### Work required
Beginning with the line that holds "view of property exterior featuring a yard" and finishing with the line that holds "Sunny Day Close-Up", repeat the listing exactly, leaving every picture out.

### Supplied data
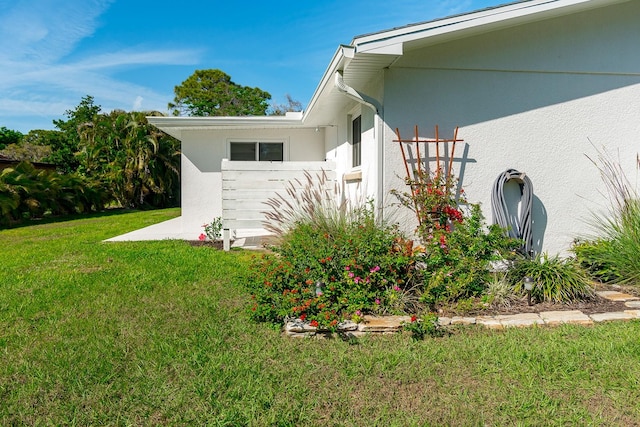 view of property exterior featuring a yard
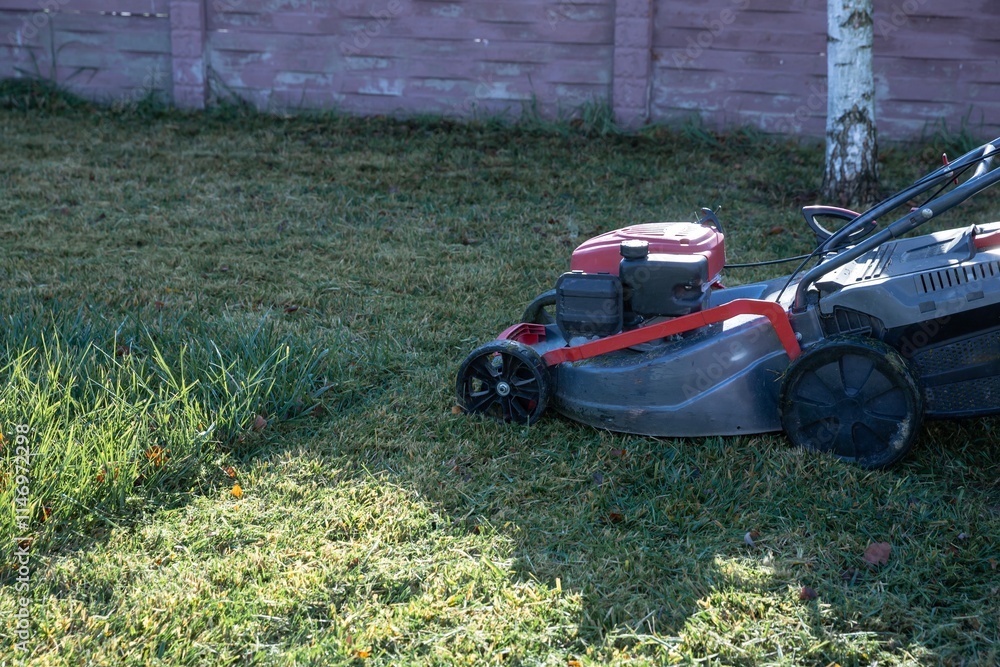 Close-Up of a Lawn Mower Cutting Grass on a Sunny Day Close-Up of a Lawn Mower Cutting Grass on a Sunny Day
==
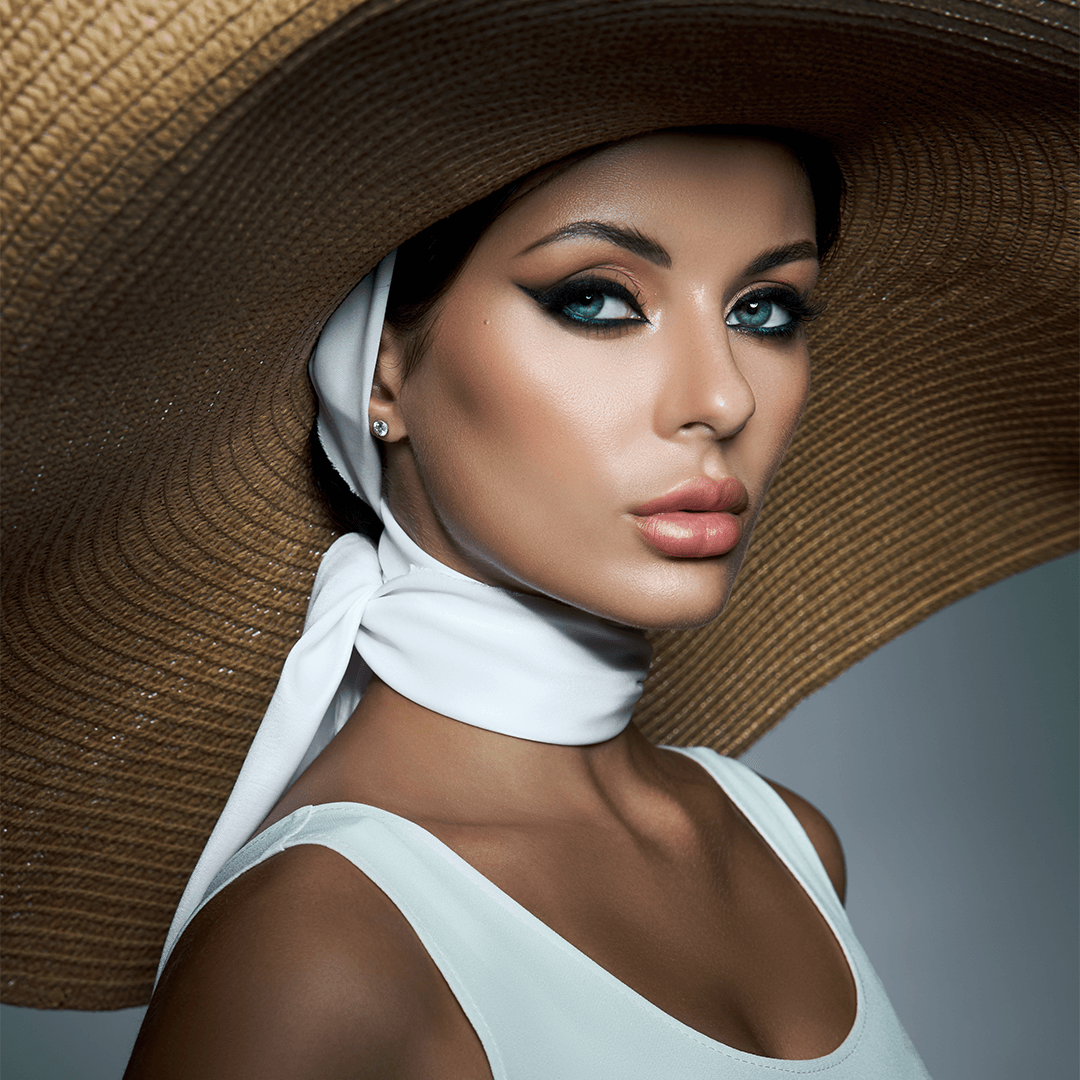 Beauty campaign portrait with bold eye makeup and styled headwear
...
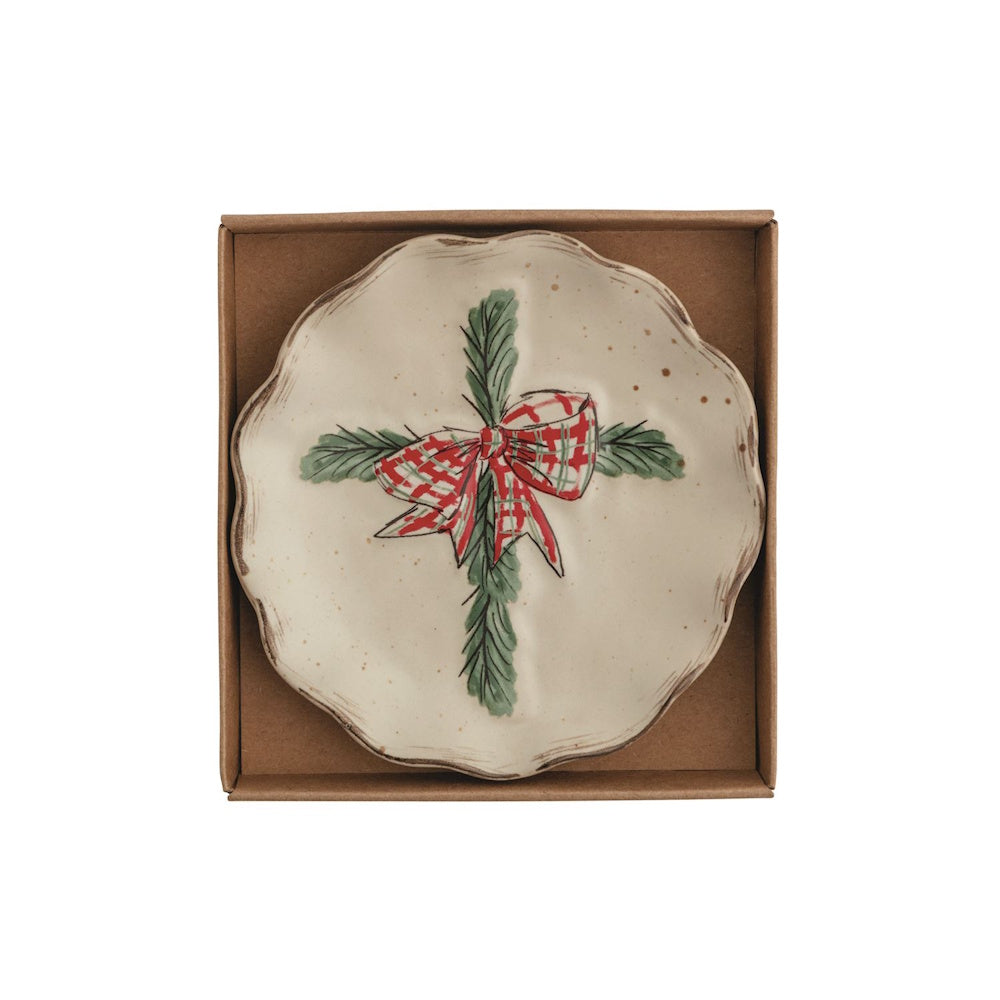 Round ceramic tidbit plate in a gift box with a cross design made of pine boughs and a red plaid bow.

### Finished exercise
 view of property exterior featuring a yard
 Close-Up of a Lawn Mower Cutting Grass on a Sunny Day Close-Up of a Lawn Mower Cutting Grass on a Sunny Day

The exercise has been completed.